False positive malware alerts in OSV

Added: 2026-06-03

[00:00:00]OSV deleted 157 malware entries because they had been found to be false positives. What we understand is there was some kind of LLM generating reports where maybe the reports were not vetted by a human on the outgoing side and then in the incoming side into OSV, maybe nobody at OSV validated them either. There is real harm when false positives make it into the ecosystem, whether it's vulnerabilities or malware. But the reaction from application security vendors was immediate and kind of brutal and honestly kind of not cool.

[00:00:41]>> I think it was really crappy that a bunch of ASPM and AppSec vendors jumped on this.

[00:00:46]First, because [clears throat] most of those vendors have never supported OSV in anyway. They've never submitted a single thing to it. And yet, many of those vendors, and I'm not going to use any names, have used OSV as their primary malicious package detection source. Here's the backstory. AWS is the largest contributor to the Open Source Buffer Foundation, which is part of Linux Foundation, who collabed Google for OSV.dev.

[00:01:11]AWS suddenly moved to an automated submission process. By their own admission, Chai at AWS in the PR says, "Hey, we turned on some new detection rules and they're a little bit too trigger-happy and we pushed some stuff that we shouldn't."

[00:01:25]Now, here's the problem is that some of those are legit. The problem is that when LLMs decorate these things and everybody inside of their malware detection engines are all using LLMs.

[00:01:34]You basically have static findings and your sandbox findings, those all come together and the LLM kind of goes through those things.
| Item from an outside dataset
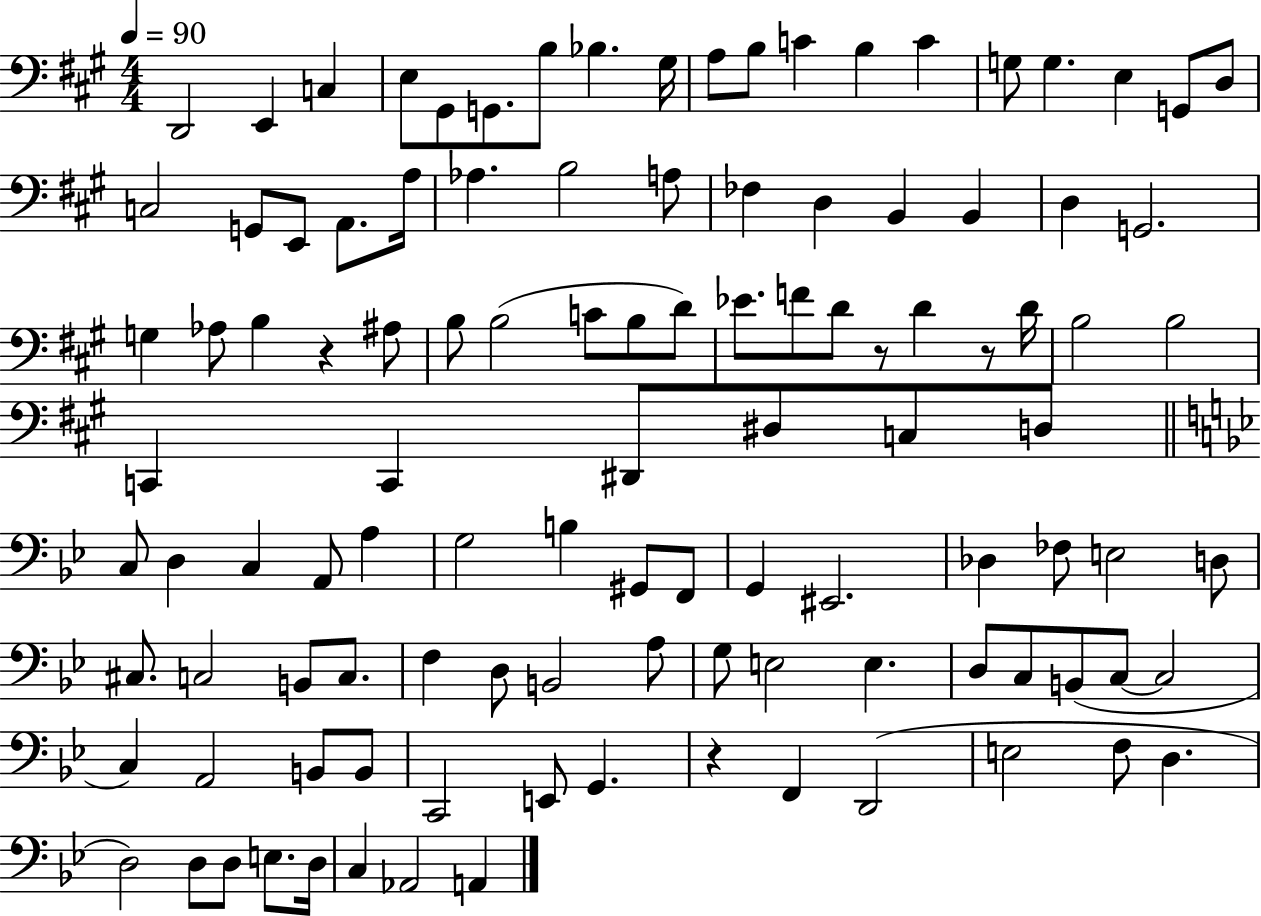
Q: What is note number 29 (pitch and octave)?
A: D3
It's a very gray area, especially with some of these crypto ones where you're seeing wallet addresses and other things like that.

[00:01:44]It's really easy for something to get ticked over from 49% malicious to 51% malicious and it's decorated as malicious and it gets shipped, right?

[00:01:53]And so, this idea that it's really obvious at face value if something is malicious or not is not the case. Bad guys hide stuff.

[00:02:01]So, I just think it's crappy that people are piling on who are not part of the process, who are not part of the solution, right? Moreover, I the vast majority of submissions over the last couple years have been from AWS and from Chai's team at Inspector. So, I just want to say publicly, Chai, I appreciate your work. AWS, I appreciate your work.